Fifty percent of the women with hip fractures were deficient in vitamin D, 36.7 percent had elevated parathyroid hormone (PTH) levels (a hormone which can stimulate loss of calcium from bone), and 81.8 percent had calcium in their urine, suggesting inappropriate calcium loss. Blood levels of calcium were lower in the women with hip fractures than in either elective group.
These researchers propose that vitamin D supplementation at the time of fracture may speed up recovery and reduce risk of fracture in the future. Current Dietary Reference Intake Guidelines contain a daily recommendation of 400 IU of vitamin D for people aged 51 through 70 and 600 IU for those over age 70.
"We know that a calcium-rich diet and regular weight-bearing exercise can help prevent osteoporosis. This new research suggests that an adequate intake of vitamin D, which the body uses to help absorb calcium, may help women to reduce their risk of hip fracture, even when osteoporosis is present," observed Dr. Evan C. Hadley, NIA Associate Director for geriatrics research. "Osteoporosis leads to more than 300,000 hip fractures each year, causing pain, frequent disability, and costly hospitalizations or long-term care. Prevention of such fractures would greatly improve the quality of life for many older women and men, as well as significantly reduce medical costs."

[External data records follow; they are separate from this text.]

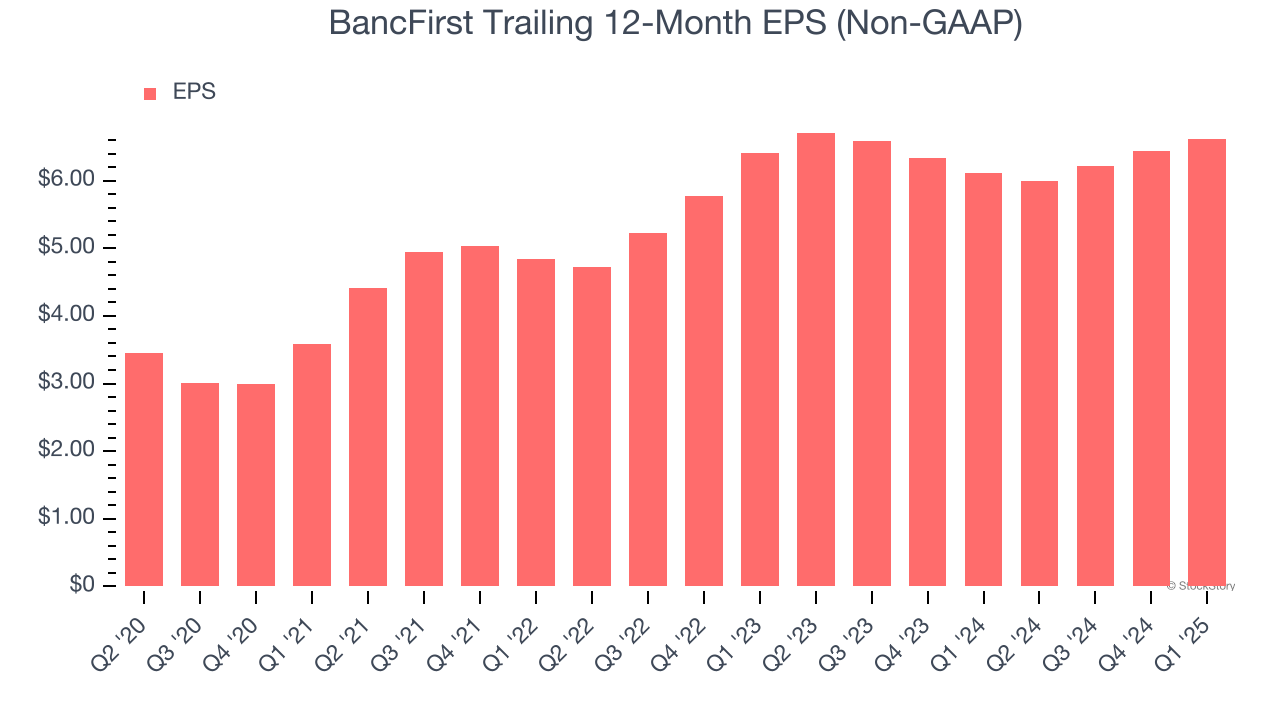 BancFirst Trailing 12-Month EPS (Non-GAAP)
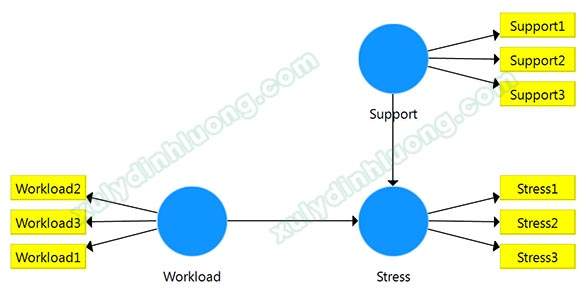 Phân tích biến điều tiết moderator bằng SMARTPLS 3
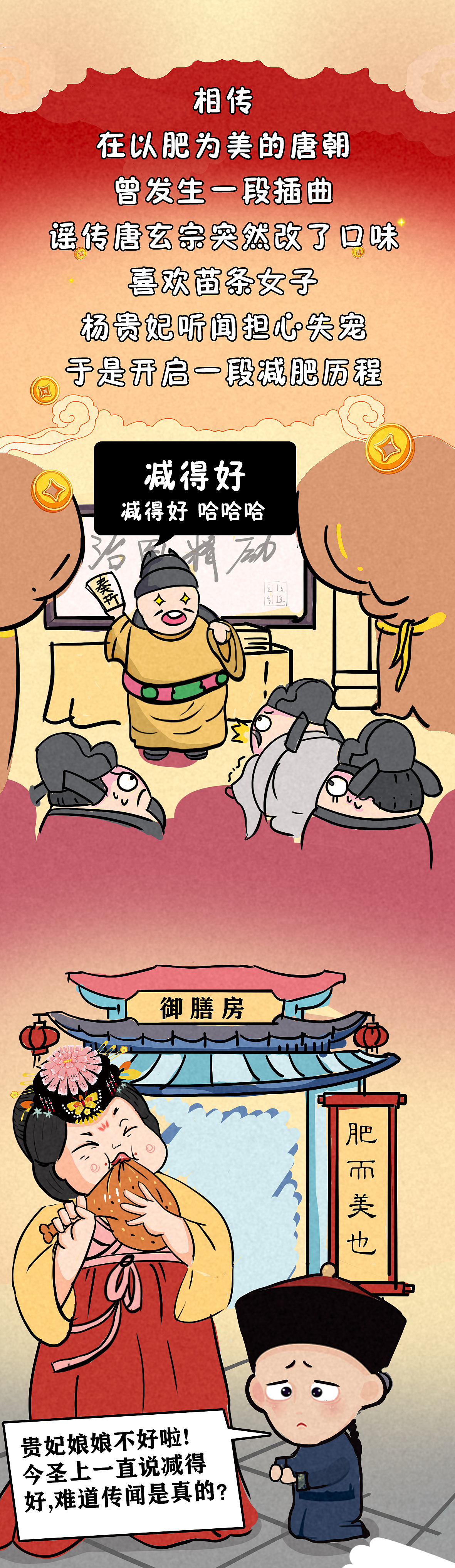 条漫《贵妃》（图ZMjY0MjQyOTM2） - 商业插画 - 站酷设计师莓关西原创素材 - 站酷ZCOOL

The bones in the body often undergo rebuilding. Some cells, osteoclasts, dissolve older parts of the bones. Then, bone-building cells known as osteoblasts create new bone using calcium and phosphorus. As people age, if osteoporosis develops, more bone is dissolved than is rebuilt, and the bones weaken and become prone to fracture. Also in many older persons, levels of vitamin D in the blood are low because they eat less or spend less time in the sun, which stimulates the body's own production of vitamin D.
Experts do not understand fully the causes of osteoporosis. However, they do know that lack of estrogen which accompanies menopause, diets low in calcium, and lack of exercise contribute to the problem. Eighty percent of older Americans who face the possibility of pain and debilitation from an osteoporosis-related fracture are women. One out of every two women and one in eight men over the age of 50 will have such a fracture sometime in the future. These fractures usually occur in the hip, wrist, and spine.
The National Institute on Aging leads the Federal effort supporting basic, clinical, epidemiological and social research on aging and the special needs of older people. The National Center for Research Resources develops a broad array of critical research technologies and resources, including the hospital inpatient and outpatient facilities for clinical research studies known as General Clinical Research Centers, such as the one at Brigham and Women's Hospital. These are both part of the National Institutes of Health, the leading Federal biomedical research agency.